Hi there :wave:, in this post, we shall launch an Apollo server with node, and perform some read & write operations from the Apollo studio sandbox to a HarperDB instance. Having some graphql fundamentals would be beneficial to understand better, though some parts of the code would be explained.

Studio

I have an account in HarperDB studio and have setup an organisation and a free trier instance there. Once logged in to the instance, the config tab would give the instance credentials we would need to connect from our code. Instance 
config

Note that the studio credentials(email/password) are different from the instance credentials(username/password). You can have more than one instance in the studio. You can have only one free tier instance though across organisations.

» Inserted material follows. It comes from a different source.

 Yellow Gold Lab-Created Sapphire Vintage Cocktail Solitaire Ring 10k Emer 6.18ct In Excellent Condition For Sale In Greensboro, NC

Copy the instance url and the basic token from the config shown in the image above, as we would need those while sending API calls.

Clone

Clone the code from GitHub.

$ git clone git@github.com:networkandcode/fruits-apollo-hdb.git

Dependencies

The dependencies for the code are as follows.

  "dependencies": {
    "@apollo/datasource-rest": "^5.0.2",
    "@apollo/server": "^4.3.3",
    "dotenv": "^16.0.3",
    "graphql": "^16.6.0"
  }

We can install these.

$ npm i

About the packages above:

  • @apollo/datasource-rest is used to make rest api calls from apollo to endpoints such as HarperDB’s instance url.
  • @apollo/server is used to launch the apollo server itself.
  • dotenv is used to read env vars.
  • graphql is the core graphql library.

You may refer to this guide for more info.

Variable

Add an .env file, we just need one variable.

$ cat .env
HDB_INSTANCE_URL=https://<instance-name>.harperdbcloud.com

Start

There is a start script with invokes the index file.

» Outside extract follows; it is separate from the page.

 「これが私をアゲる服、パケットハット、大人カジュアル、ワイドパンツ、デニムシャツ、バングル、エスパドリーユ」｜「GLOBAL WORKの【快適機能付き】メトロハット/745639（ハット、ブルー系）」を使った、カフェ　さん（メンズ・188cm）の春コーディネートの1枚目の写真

$ cat package.json| grep start
    "start": "node index.js"

Good to start the server

$ npm start

> server@1.0.0 start
> node index.js

🚀  Server ready at: http://localhost:4000/

Apollo studio

Once the server is started we should be able to see the sandbox studio on the browser at http://localhost:4000/. Apollo 
studio

Token

Let’s set the authorisation header, you may paste the basic token obtained from HarperDB studio here. Basic auth 
token

We are setting this token in the server context.

    const token = req.headers.authorization;

Which would be passed to HarperDB while the REST API call is being made.

    willSendRequest(_path, request) {
      request.headers['authorization'] = this.token;
    };

Code

Let’s see what code files we have and their purpose.

$ ls *.js
datasource.js   index.js        resolvers.js    schema.js
  • datasource.js is where we are making calls to HarperDB via REST API.
  • index.js has code that wraps the schema and resolvers in the server and starts it.
  • resolvers.js contains resolvers that resolves all of the queries and mutations defined in schema.js by sending calls to HarperDB API defined in datasource.js
  • schema.js contains our graphql schema that has built in types Query and Mutation as well as other user defined types and inputs.

Schema

Our graphql schema is a collection of type definitions. And hence it’s common to use typeDefs as our schema variable.

$ cat schema.js 
const typeDefs = `
  input CreateTableBody {
    schema: String!
    table: String!
    hash_attribute: String!
  }

  input FruitInput {
    name: String!
    "calories per 100 gm"
    calories: Int!
  }

  type Query {
    fruits(schema: String!, table: String!): [Fruit]
    fruit(schema: String!, table: String!, name: String!): [Fruit]
  }

  type Mutation {
    createSchema(schema: String!): ApiResponse!
    createTable(body: CreateTableBody!): ApiResponse!
    insertRecords(schema: String!, table: String!, records: [FruitInput!]! 
): ApiResponse!
  }

  type Fruit {
    id: ID!
    name: String!
    calories: Int!
  }

  type ApiResponse {
    status: Int!
    message: String!
  }
`;

export default typeDefs;

In the schema, there are two built in types Query and Mutation. Query is meant for read operations where as Mutation refers to operations that involve create, update or deletion of data.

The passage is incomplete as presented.